Can a streaming database be considered as a combination of a stream processing engine and a database?
No. A streaming database like RisingWave is not simply the merging of a stream processing engine (e.g., Apache Flink) and a database (e.g., PostgreSQL). Here are the key differences:- Unified storage: A streaming database uses one storage system for managing internal state, storing results, and serving queries. An independent database is unsuitable for storing streaming internal state due to the high overhead and latency of frequent cross-system data access.
- Cascading materialized views: This is a core feature of streaming databases. Emulating this with separate systems would require additional components like Kafka to facilitate message passing between materialized views.
- Built-in consistency: Ensuring consistency across multiple independent systems requires significant engineering effort. A streaming database provides this natively.
- Operational simplicity: Managing one integrated system incurs far lower operational costs than managing multiple systems (stream processor + message queue + database).
- Seamless user experience: One SQL interface for defining streaming pipelines, querying results, and managing data — instead of learning and operating multiple tools.
What are the differences between streaming databases and real-time OLAP databases?

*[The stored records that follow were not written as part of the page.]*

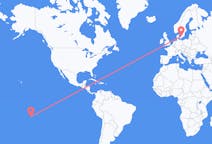 Flüge von Fakarava, Französisch-Polynesien nach Ängelholm, Schweden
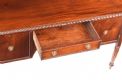 GEORGIAN MAHOGANY GALLERY BACK SIDEBOARD at Ross's Online Art Auctions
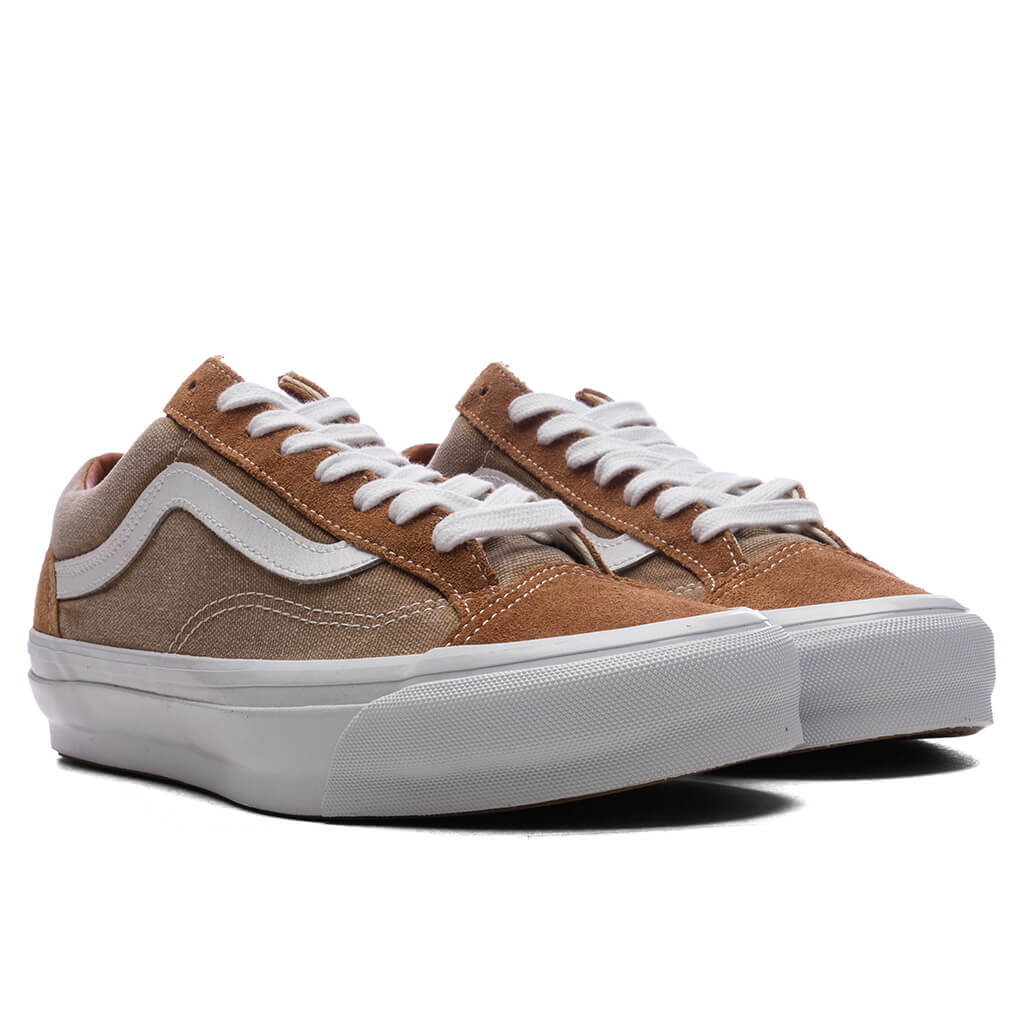 Premium Old Skool 36 Washed Tan Brown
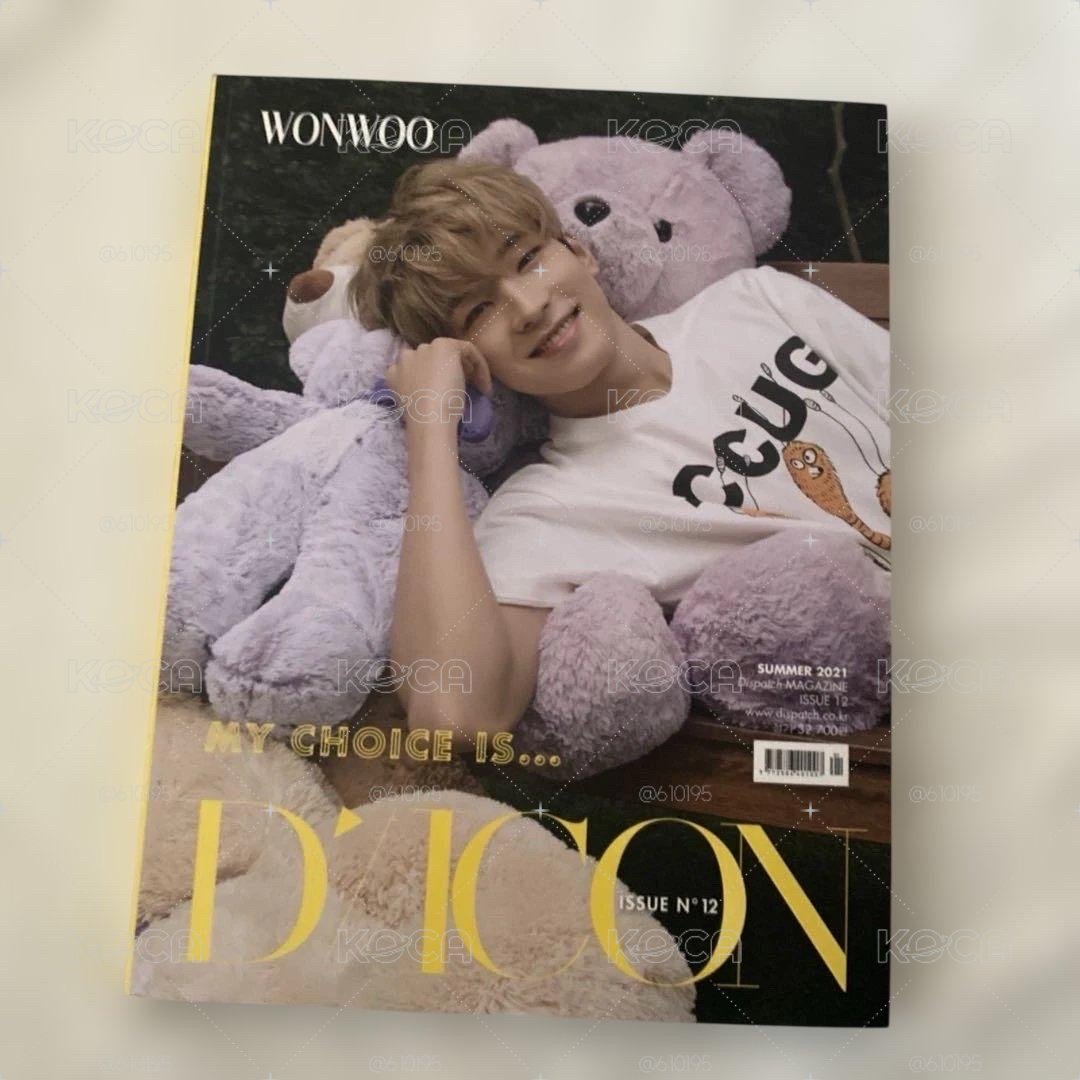 SEVENTEEN DICON My choice is... wonwoo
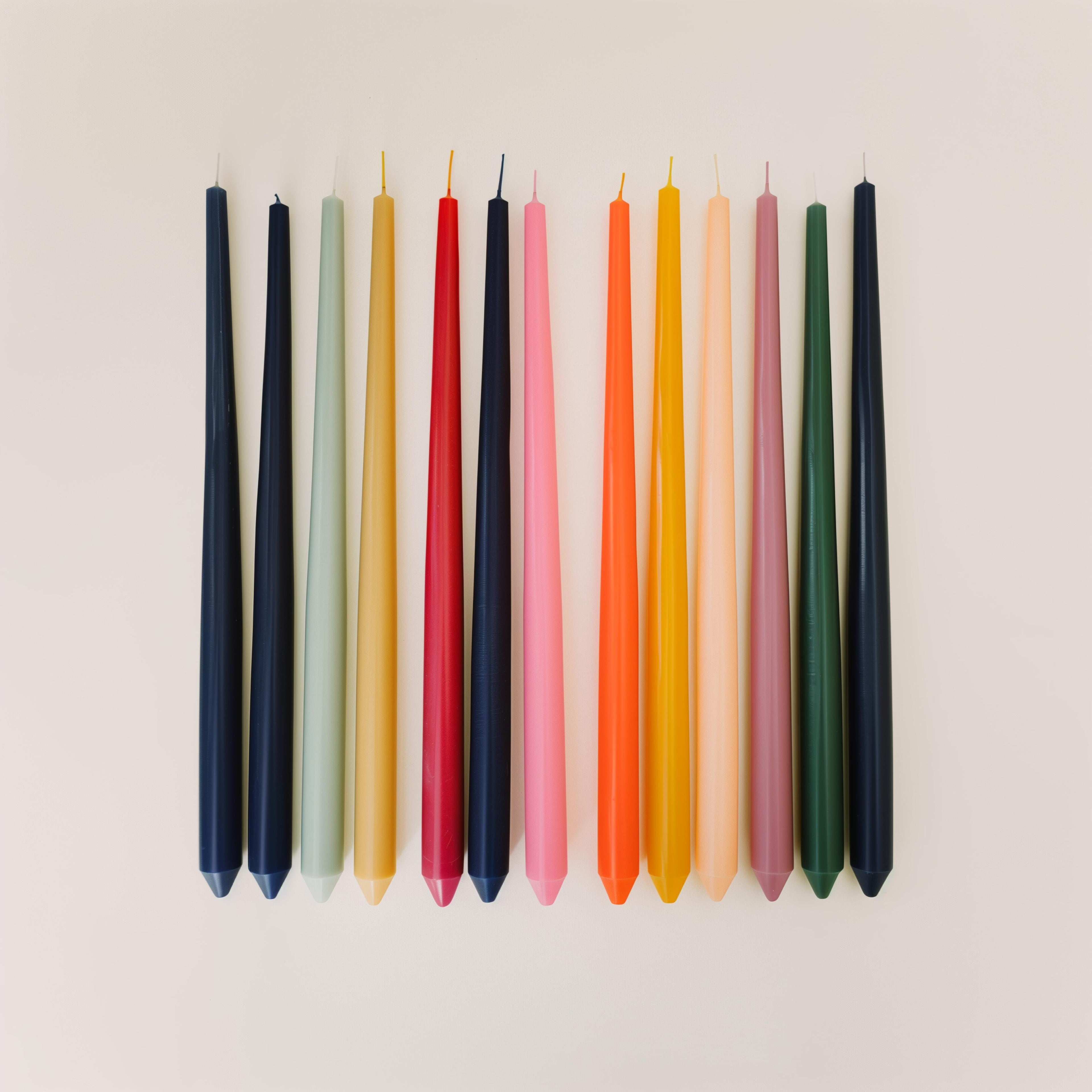 Handmade Tapered Candles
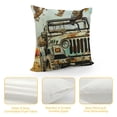 thumbnail image 4 of Qinduosi Thanksgiving Pillow Covers Thanksgiving Turkey Throw Pillows Thanksgiving Day Fall Autumn Pillowcase for Sofa Holiday Home Decor White, 4 of 5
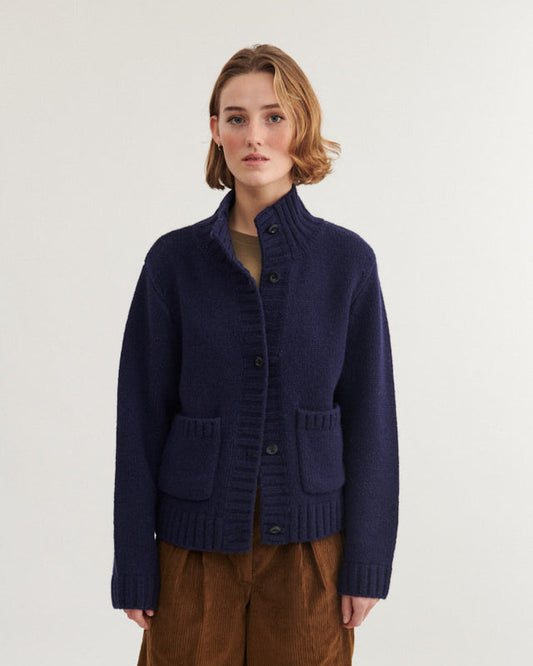 Blanche wool cardigan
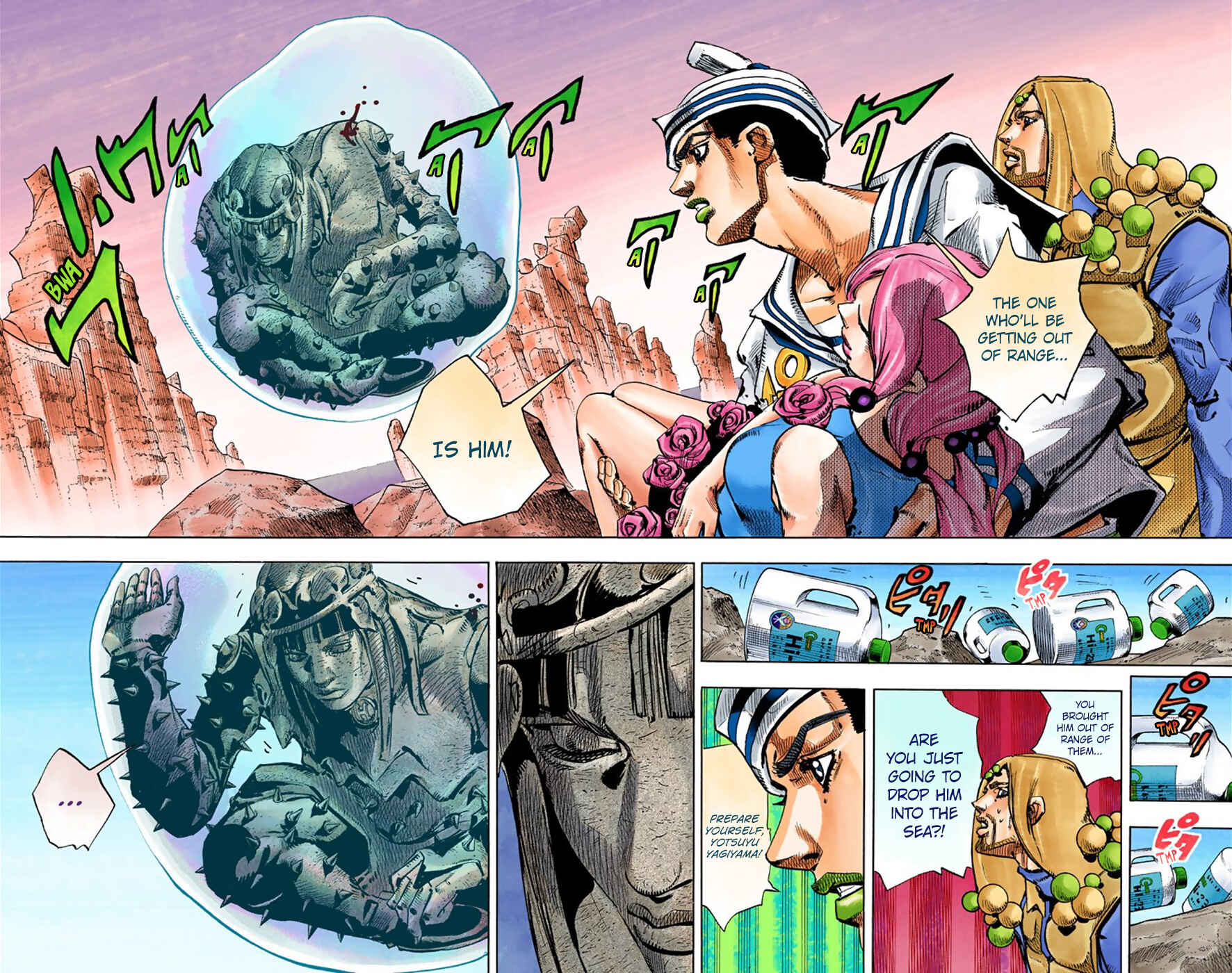 Page 40 Chapter 31 JoJos Bizarre Adventure, Part 8: JoJolion (Official Colored)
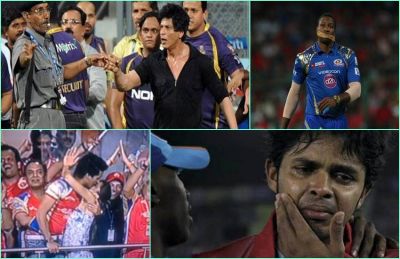 5 Controversies in the IPL history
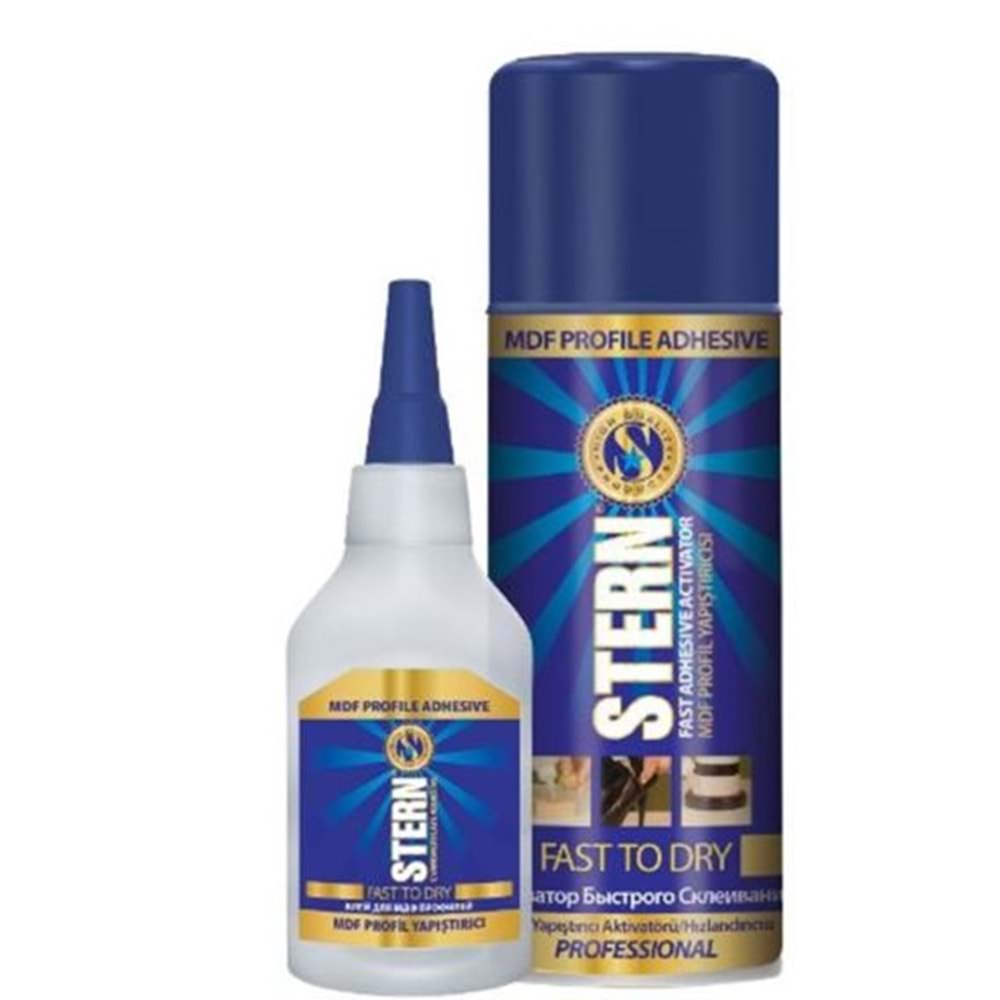 Stern 200ML 50GR Japon Hızlı Yapıştırıcı Kit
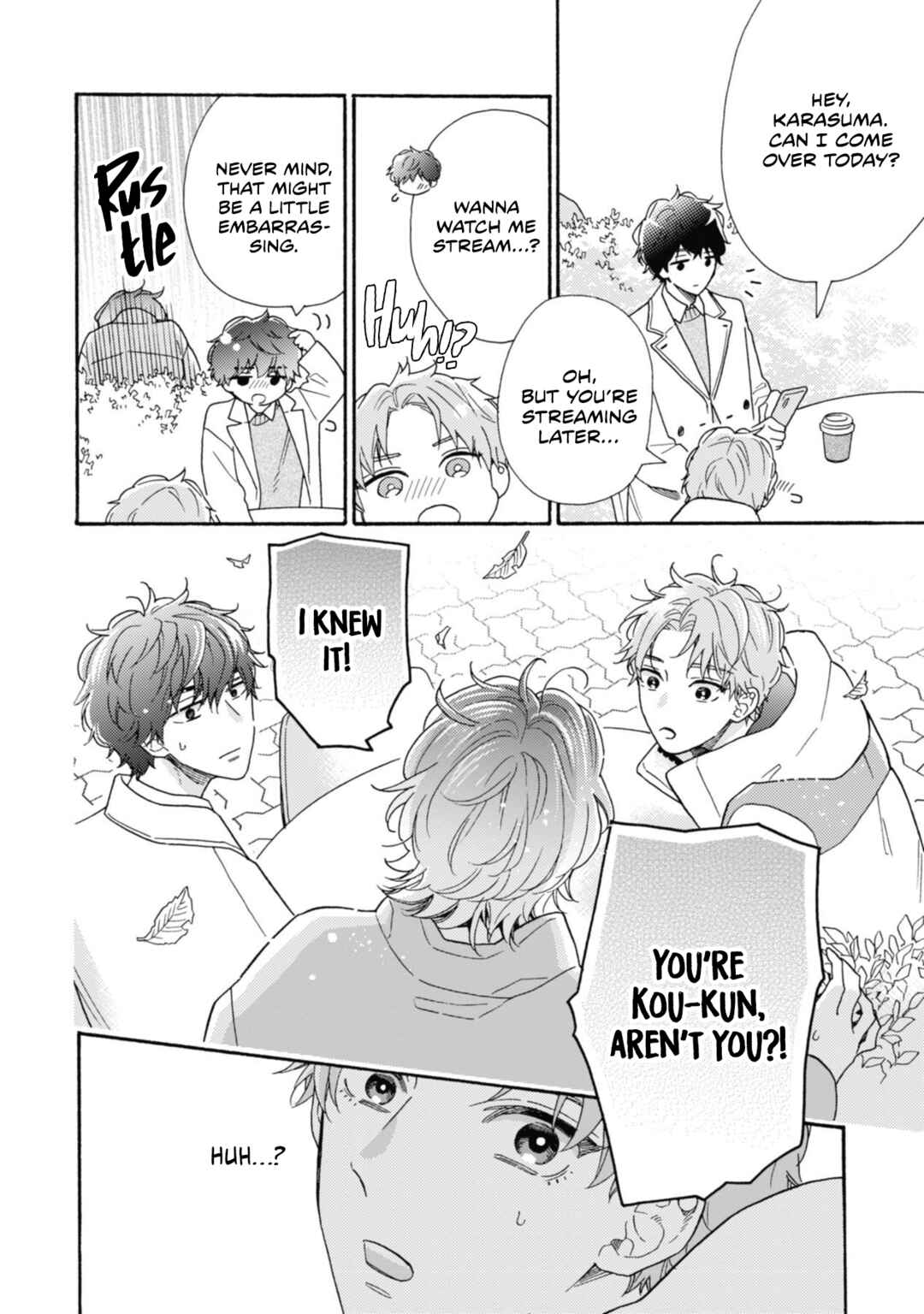 Page 8 Chapter 6 Minami-kun wa Sono Koe ni Jirasaretai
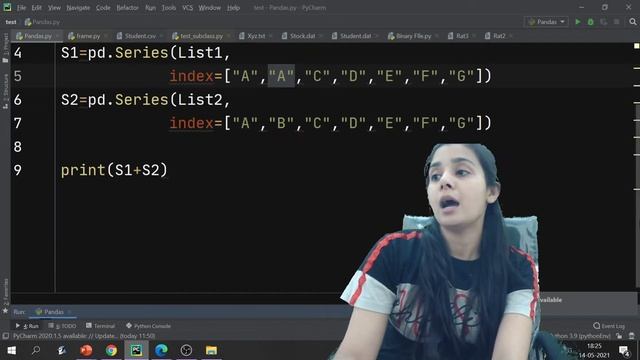 Class #10 - Informatics Practices | Pandas Series - Arithmetic Operations on Series | CBSE 12th I смотреть онлайн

Streaming databases (like RisingWave, ksqlDB) and real-time OLAP databases (like ClickHouse, Apache Pinot, Apache Druid) serve different primary use cases:| Aspect | Streaming Database (RisingWave) | Real-time OLAP Database (ClickHouse, Pinot) |
|---|---|---|
| Primary use case | Monitoring, alerting, real-time dashboards, streaming ETL | Interactive reporting, ad-hoc analytical queries |
| Strength | Pre-defined streaming queries (materialized views) | Ad-hoc analytical queries on stored data |
| Data freshness | Sub-second (incrementally updated) | Near real-time (micro-batch ingestion) |
| Storage format | Row-based (optimized for point queries and state) | Columnar (optimized for full table scans) |
| Query model | Both streaming (pre-defined) and batch (ad-hoc) | Batch (ad-hoc) with materialized views as supplemental feature |

How do materialized views in RisingWave differ from those in OLAP databases?
Materialized views in RisingWave are fundamentally different from those in OLAP databases like ClickHouse or Apache Druid:| Characteristic | RisingWave | OLAP Databases |
|---|---|---|
| Update mechanism | Synchronous, incremental (updated in real time as data arrives) | Best-effort, periodic refresh |
| Consistency | Strongly consistent across cascading materialized views | Eventually consistent or manual refresh |
| Recovery | Persisted with frequent checkpoints; recovers within seconds | Depends on implementation |
| Concurrency | Supports high-concurrency ad-hoc queries via dedicated serving nodes | Varies |
| Stream processing semantics | Full support for time windows, watermarks, and event-time processing | Limited or no support |
| Cascading | Native support for multi-layer materialized view pipelines | Not supported |
- Real-time: Updated synchronously as upstream data changes — no manual refresh needed.
- Consistent: Correct results across multiple cascading materialized views.
- Highly available: Persisted to object storage with frequent checkpoints for fast failure recovery.
- Resource isolation: Streaming computation and ad-hoc queries can run on separate node groups to avoid interference.